It only required a glance at the ultrasound for the doctor to know that he was looking at identical twins.
The positioning of two amniotic sacs attached to one placenta was the giveaway. It would be a couple of months before he could tell the mother whether to expect two boys or two girls.
What seemed certain was that her babies would share a gender. And yet at 14 weeks when Dr. Nicholas M. Fisk, a maternal fetal medicine specialist at the Royal Brisbane and Women’s Hospital at the time, inspected the ultrasound, he saw something perplexing.
One boy. One girl.
Sharing a single placenta.
“It doesn’t add up,” Dr. Fisk recalled thinking.
As it turned out, the twins were neither fraternal nor identical. They fell into a third rare category known as semi-identical or sesquizygotic twins. Although it would take several years to prove, he was looking at the first set of semi-identical twins to be identified during pregnancy, according to a paper published last week in the New England Journal of Medicine.
The pair share 100 percent of their mother’s DNA, but only overlap in a portion of their father’s DNA.
“Broadly they are about three-fourths identical,” said Dr. Fisk, adding that “it’s almost as rare as hen’s teeth.”
Typically, identical twins are created when a single egg fertilized by a single sperm splits in two. What he suspects happened in this case was that a single egg was fertilized by two sperm before dividing.
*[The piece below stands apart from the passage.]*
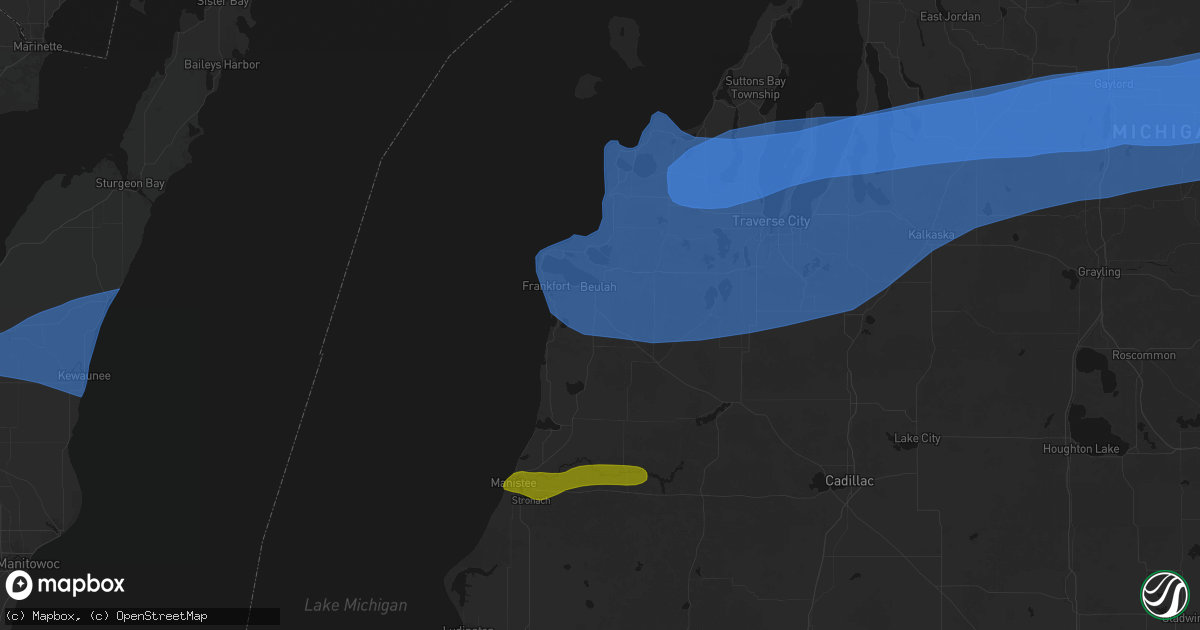 Hail map in Benzonia, MI on July 1, 2026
This should not be possible.
“When a sperm enters an egg, the membrane locks down to stop any other sperm from getting in,” said Dr. Fisk, who is now the deputy vice chancellor for research at the University of New South Wales. “Even if another sperm got into an egg, you would end up with three sets of chromosomes and you don’t survive.”
And yet when he and his colleagues undertook an exhaustive analysis of every single chromosome in the boy and the girl, what they found were two healthy babies. Each contained the normal number of chromosomes. But there were some areas where their DNA was identical and others where it was different.
It was not unprecedented. Although no doctor had ever identified sesquizygotic twins during pregnancy, a doctor in the United States documented the first case of semi-identical infants in 2007, according to the journal article.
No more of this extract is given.